Revista de Libros
- Editor: Javier Moscoso Sarabia
- Frequency: Bi-monthly
- First issue: 1 December 1996; 29 years ago
- Country: Spain
- Based in: Madrid
- Language: Spanish
- Website: revistadelibros.com
- ISSN: 1137-2249

= Revista de Libros =

Revista de Libros (Review of Books) is a Spanish-language bi-monthly literary review magazine. The magazine was a print publication from 1996 to 2011. It was restarted as an online-only magazine in 2013. In 2016 the print edition was also started.

==History and profile==
Revista de Libros was established in 1996. It was edited by Álvaro Delgado-Gal. The magazine was funded by the Fundación Caja Madrid until 2011.
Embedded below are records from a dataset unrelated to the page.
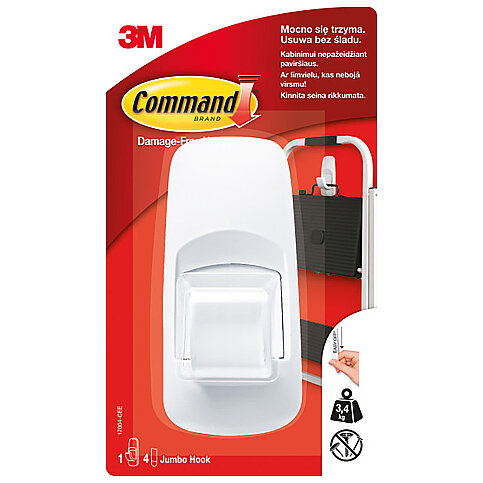 3M 17004 COMMAND BÜYÜK BOY JUMBO ASKI - 1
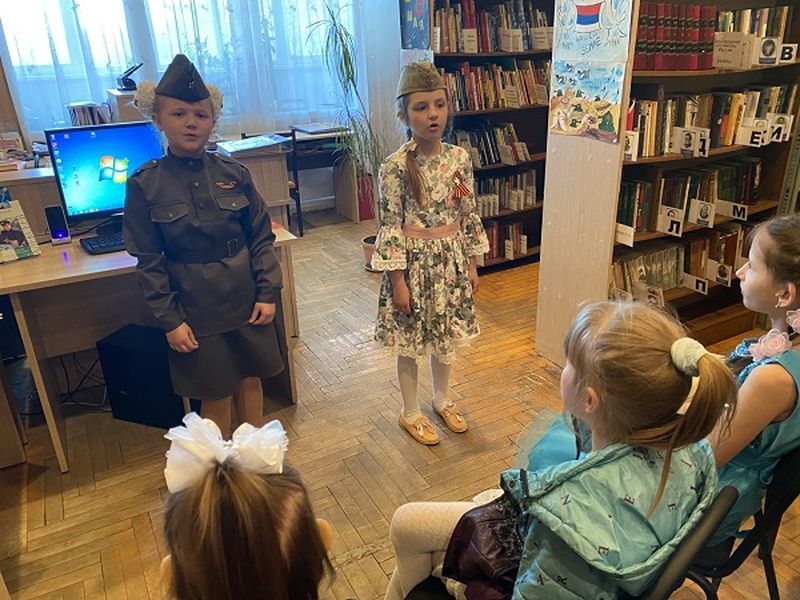В Космодемьянской библиотеке – «Бессмертный книжный полк»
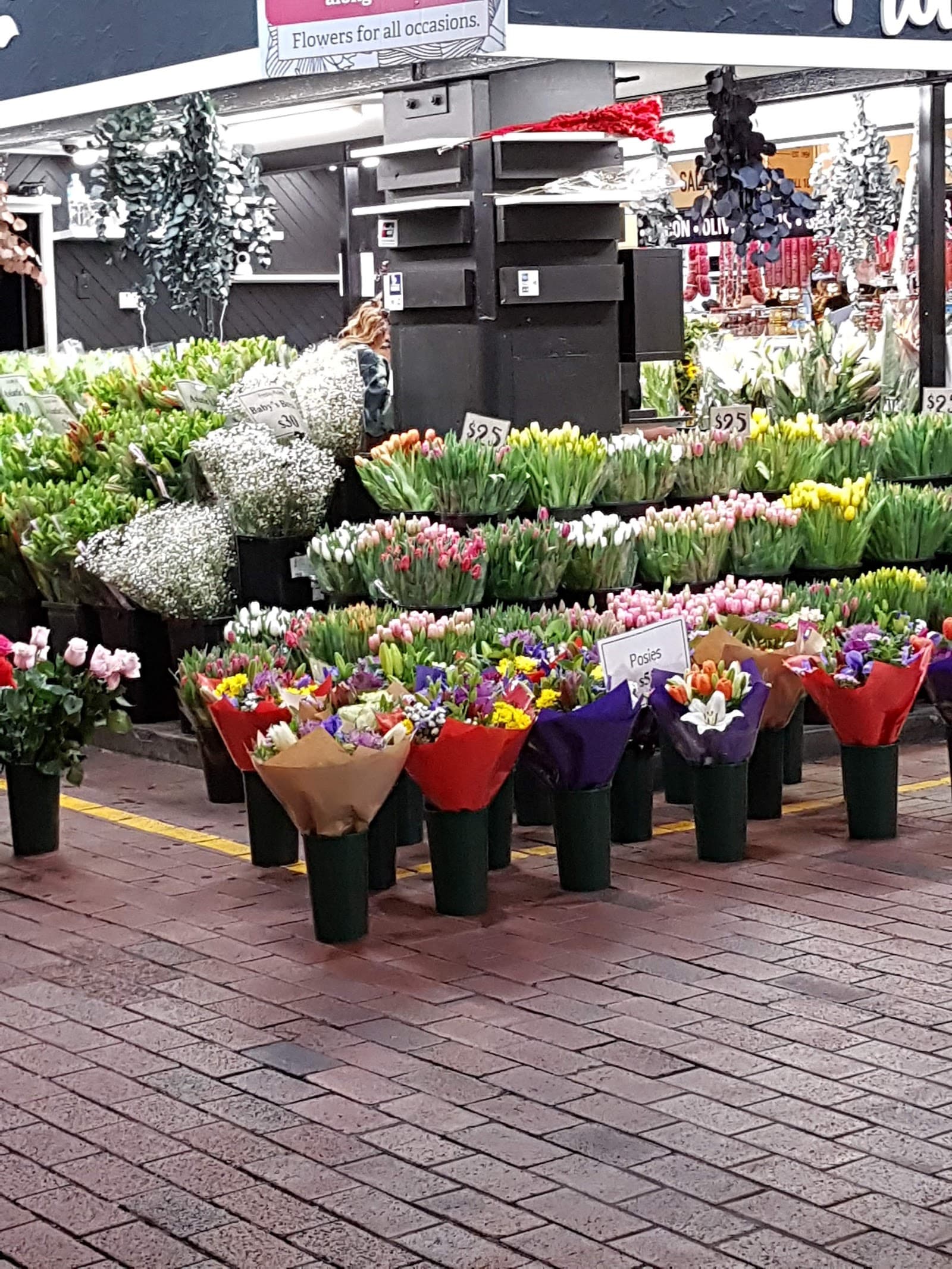 Central Market Flowers — North Adelaide, Adelaide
It provided its readers with the intellectual reviews both in print, electronic and electronic facsimile edition. In 2011 Fundación Caja Madrid stopped financing the magazine due to economic problems. Then, Revista de Libros ceased publication. In 2013 the magazine was started as an online-only monthly publication and Álvaro Delgado-Gal continues to edit the magazine. In 2016 the magazine launched its print edition, which was made possible through the financial assistance of Colegio Libre de Eméritos. The print edition appears bi-monthly.

==Awards==
- 1997: National Prize for the Promotion of Reading, from the Spanish Ministerio de Educación y Cultura
- 2001: Bartolomé March Critical Prize (Premio Bartolomé March a la Crítica)
- 2004: News Magazines Association Price (Asociación de Revistas de Información
- 2005: Álvaro Delgado-Gal was awarded the Premio a la Bibliodiversidad, from the Asociación de Editores de Madrid, for his magazine.